EXERCISE GOAL
Could you write out, exactly as they stand, only the lines in the listing below from the line with "Jakuszyce - pociąg" to the line with "The architectural design", both ends included, without the pictures?

DATA PROVIDED
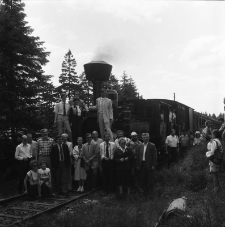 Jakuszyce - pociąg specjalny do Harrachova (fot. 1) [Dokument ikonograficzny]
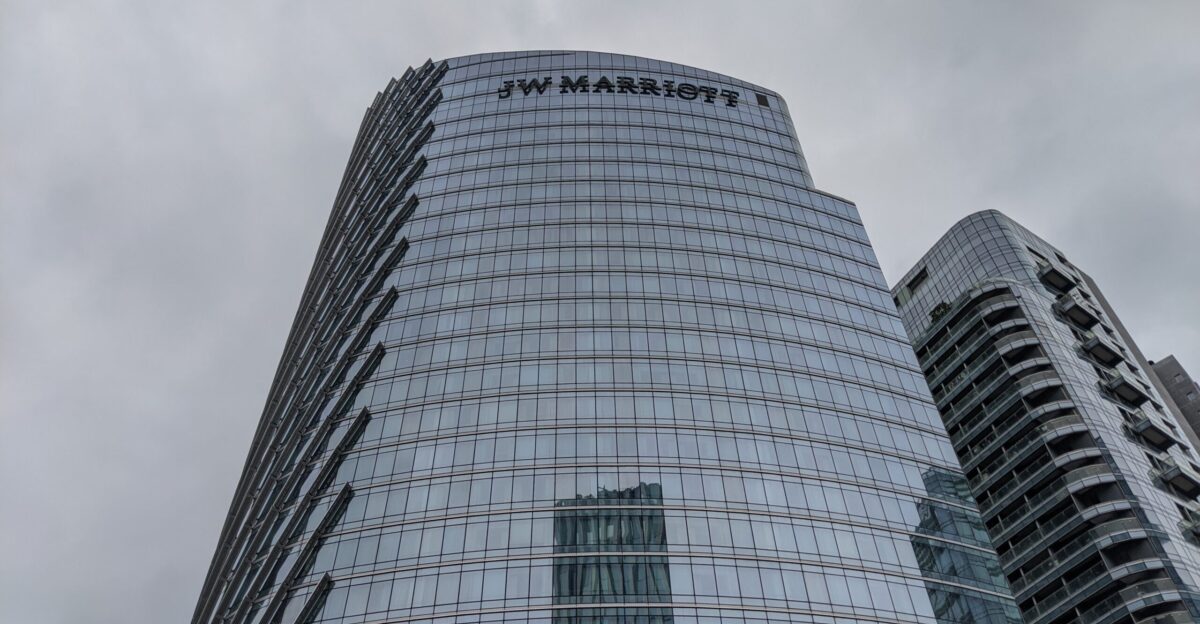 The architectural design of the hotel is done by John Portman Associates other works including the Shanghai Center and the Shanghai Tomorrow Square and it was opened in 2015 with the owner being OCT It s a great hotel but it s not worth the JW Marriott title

---

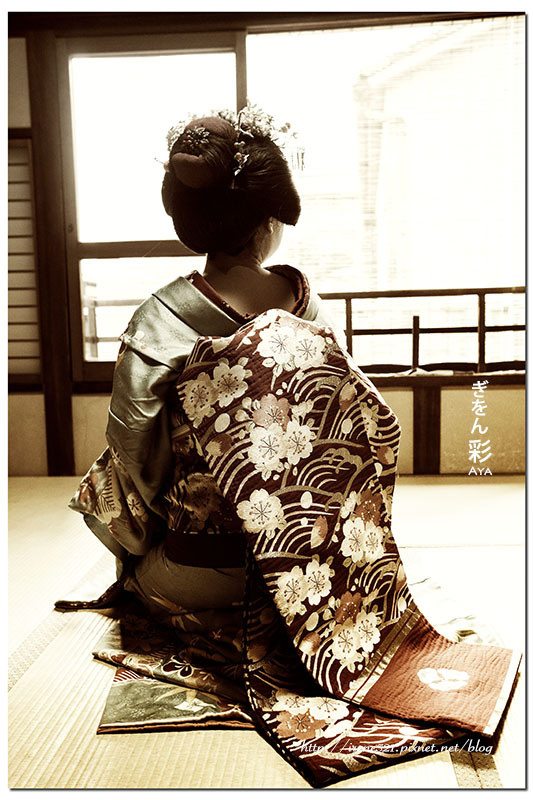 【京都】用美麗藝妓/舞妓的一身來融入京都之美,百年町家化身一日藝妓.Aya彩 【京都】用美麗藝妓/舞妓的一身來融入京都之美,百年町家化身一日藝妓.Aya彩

ANSWER SPACE
 Jakuszyce - pociąg specjalny do Harrachova (fot. 1) [Dokument ikonograficzny]
 The architectural design of the hotel is done by John Portman Associates other works including the Shanghai Center and the Shanghai Tomorrow Square and it was opened in 2015 with the owner being OCT It s a great hotel but it s not worth the JW Marriott title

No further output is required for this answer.